===== INFORMATION GIVEN

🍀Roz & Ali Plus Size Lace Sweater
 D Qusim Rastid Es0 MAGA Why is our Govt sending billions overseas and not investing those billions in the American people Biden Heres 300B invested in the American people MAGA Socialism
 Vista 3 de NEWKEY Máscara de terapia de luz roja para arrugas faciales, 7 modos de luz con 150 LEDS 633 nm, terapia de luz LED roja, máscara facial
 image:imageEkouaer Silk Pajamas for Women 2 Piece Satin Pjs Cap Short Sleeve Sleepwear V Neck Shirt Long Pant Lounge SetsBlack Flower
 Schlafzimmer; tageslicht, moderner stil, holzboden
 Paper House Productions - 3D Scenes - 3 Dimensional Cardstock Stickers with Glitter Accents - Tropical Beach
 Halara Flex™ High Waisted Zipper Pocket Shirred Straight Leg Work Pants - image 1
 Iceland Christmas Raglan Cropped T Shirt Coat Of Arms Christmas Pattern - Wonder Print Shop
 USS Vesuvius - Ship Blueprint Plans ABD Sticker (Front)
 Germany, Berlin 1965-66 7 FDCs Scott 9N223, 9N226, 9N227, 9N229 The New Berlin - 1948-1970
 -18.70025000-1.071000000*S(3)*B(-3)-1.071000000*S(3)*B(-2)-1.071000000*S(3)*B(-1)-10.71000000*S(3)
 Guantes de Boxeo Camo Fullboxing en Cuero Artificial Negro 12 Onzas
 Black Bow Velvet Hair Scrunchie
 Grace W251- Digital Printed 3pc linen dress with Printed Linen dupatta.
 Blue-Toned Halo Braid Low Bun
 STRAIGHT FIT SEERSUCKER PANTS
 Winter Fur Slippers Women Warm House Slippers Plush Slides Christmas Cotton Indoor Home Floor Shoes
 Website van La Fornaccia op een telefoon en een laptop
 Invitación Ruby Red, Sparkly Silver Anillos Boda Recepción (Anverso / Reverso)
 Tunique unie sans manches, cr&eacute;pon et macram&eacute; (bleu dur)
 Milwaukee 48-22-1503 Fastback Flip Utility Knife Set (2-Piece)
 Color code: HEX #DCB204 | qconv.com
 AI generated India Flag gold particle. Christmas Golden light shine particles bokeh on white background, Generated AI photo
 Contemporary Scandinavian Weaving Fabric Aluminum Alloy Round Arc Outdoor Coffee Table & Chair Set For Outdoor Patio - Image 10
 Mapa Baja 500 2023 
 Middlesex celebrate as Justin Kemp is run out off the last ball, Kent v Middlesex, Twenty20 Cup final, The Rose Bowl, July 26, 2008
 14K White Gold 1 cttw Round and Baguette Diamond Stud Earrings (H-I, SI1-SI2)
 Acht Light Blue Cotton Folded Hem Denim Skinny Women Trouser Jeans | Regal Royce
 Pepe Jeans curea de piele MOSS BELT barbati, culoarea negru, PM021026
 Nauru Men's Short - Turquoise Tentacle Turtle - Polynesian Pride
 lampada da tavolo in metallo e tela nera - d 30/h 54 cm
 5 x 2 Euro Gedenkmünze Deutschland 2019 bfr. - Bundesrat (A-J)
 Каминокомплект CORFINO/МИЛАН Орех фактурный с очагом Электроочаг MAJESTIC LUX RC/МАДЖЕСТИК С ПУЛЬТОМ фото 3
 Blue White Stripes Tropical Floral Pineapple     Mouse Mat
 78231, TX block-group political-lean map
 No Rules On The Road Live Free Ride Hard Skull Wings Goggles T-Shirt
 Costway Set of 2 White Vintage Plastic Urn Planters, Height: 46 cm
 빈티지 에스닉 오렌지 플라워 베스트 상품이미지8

==========

From the data above, reproduce word for word the lines running from the line with "Schlafzimmer; tageslicht, moderner" to the line with "Tunique unie sans", ends included.

RESPONSE BELOW ▸
 Schlafzimmer; tageslicht, moderner stil, holzboden
 Paper House Productions - 3D Scenes - 3 Dimensional Cardstock Stickers with Glitter Accents - Tropical Beach
 Halara Flex™ High Waisted Zipper Pocket Shirred Straight Leg Work Pants - image 1
 Iceland Christmas Raglan Cropped T Shirt Coat Of Arms Christmas Pattern - Wonder Print Shop
 USS Vesuvius - Ship Blueprint Plans ABD Sticker (Front)
 Germany, Berlin 1965-66 7 FDCs Scott 9N223, 9N226, 9N227, 9N229 The New Berlin - 1948-1970
 -18.70025000-1.071000000*S(3)*B(-3)-1.071000000*S(3)*B(-2)-1.071000000*S(3)*B(-1)-10.71000000*S(3)
 Guantes de Boxeo Camo Fullboxing en Cuero Artificial Negro 12 Onzas
 Black Bow Velvet Hair Scrunchie
 Grace W251- Digital Printed 3pc linen dress with Printed Linen dupatta.
 Blue-Toned Halo Braid Low Bun
 STRAIGHT FIT SEERSUCKER PANTS
 Winter Fur Slippers Women Warm House Slippers Plush Slides Christmas Cotton Indoor Home Floor Shoes
 Website van La Fornaccia op een telefoon en een laptop
 Invitación Ruby Red, Sparkly Silver Anillos Boda Recepción (Anverso / Reverso)
 Tunique unie sans manches, cr&eacute;pon et macram&eacute; (bleu dur)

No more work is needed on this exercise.